Cet incident a eu lieu à Oicha, cité située à 30 km au nord de la ville de Beni. Les manifestants protestaient contre une attaque survenue la veille et attribuée aux milices ougandaises musulmanes des Forces démocratiques alliées (ADF), au cours de laquelle deux personnes avaient été tuées.

"La police a dispersé les manifestants par des tirs à balles réelles et du gaz lacrymogène, pour l'instant le bilan est de trois morts dont une femme pygmée", a accusé Noella Katongerwaki, présidente de la société civile du territoire de Beni.

Les activités sont "paralysées dans la cité d'Oicha. Nous demandons à l'armée de faire son travail. Nous ne pouvons pas comprendre que notre armée n'arrive toujours pas à nous sécuriser contre les ADF", a ajouté un autre activiste, Janvier Kasairio.

La police a accusé certains manifestants de détenir des armes et a annoncé l'arrestation d'au moins deux d'entre eux.

"Nous avons vu des jeunes gens surgir dans la rue, d'autres barricadaient la route principale, nous les avons dispersés mais certains parmi eux étaient armés. Deux sont déjà aux arrêts, ils étaient en possession d'une arme à feu", a affirmé le colonel Umbi Azalendanya, chef de la police du territoire de Beni, interrogé par l'AFP.

-'Encadrer les manifestants au lieu de les tuer'-

"On ne peut pas tuer les citoyens parce qu'ils manifestent, c'est inacceptable. La police aurait dû encadrer les manifestants au lieu de les tuer. Nous exigeons des enquêtes pour que ces policiers tueurs soient jugés", tempête Jean-Paul Ngahangondi, un élu provincial de Beni.

La maison d'un policier accusé d'être l'auteur du tir qui a coûté la vie au jeune homme de 25 ans a été incendiée par des habitants en colère. L'après-midi, l'ambulance de l'armée circulait dans les rues d'Oicha, ont rapporté des témoins.

Un peu plus au sud, à Butembo, important carrefour commercial, des membres de Veranda Mutshanga, un groupe de pression, ont barricadé la route, brûlé des pneus en signe de protestation contre les tueries de Beni. La police les a dispersés sans causer de dégâts, selon des témoignages recueillis par l'AFP.

"Une journée ville morte a été observée à l'appel de Veranda Mutshanga, la population a bloqué quelques artères, des magasins sont fermés", a nuancé une source onusienne.

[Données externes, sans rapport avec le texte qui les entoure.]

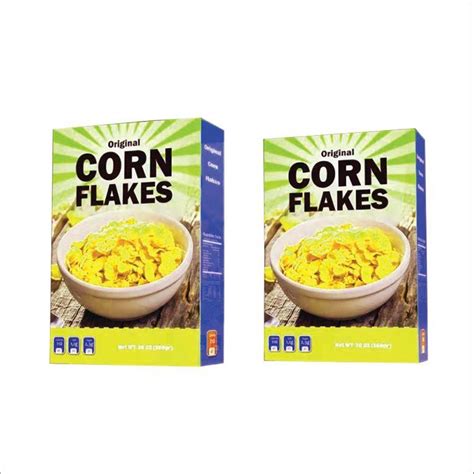 Colorful Printed Custom Cornflakes Cereal Boxes With Logo The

Beni et ses environs - considérés comme zone d'action des miliciens ougandais ADF et repaire de nombreux groupes armés - sont la cible d'attaques meurtrières d'hommes armés depuis octobre 2014. 

Cette série de massacres attribués à ce groupe armé sanguinaire a fait plusieurs centaines des morts parmi des civils. Depuis, des actions militaires s'y déroulent sans mettre un terme aux tueries dans cette région érigée en zone opérationnelle.

La semaine dernière, l'armée congolaise avait mis en garde contre toute formation des jeunes aux métiers des armes en dehors des canaux légalement établis dans le Nord-Kivu.

"Les jeunes désireux de servir la patrie sous le drapeau doivent obligatoirement suivre le processus normal de recrutement (...) Autrement, tout mouvement de jeunesse armée, toute milice armée sera considérée comme une force négative et traitée comme telle", avait averti l'armée.

L'Est congolais est en proie à l'insécurité depuis 25 ans. Un récent rapport de l'ONG Human Rights Watch et du Groupe d'étude sur le Congo a répertorié plus de 130 groupes armés dans la seule région du Kivu.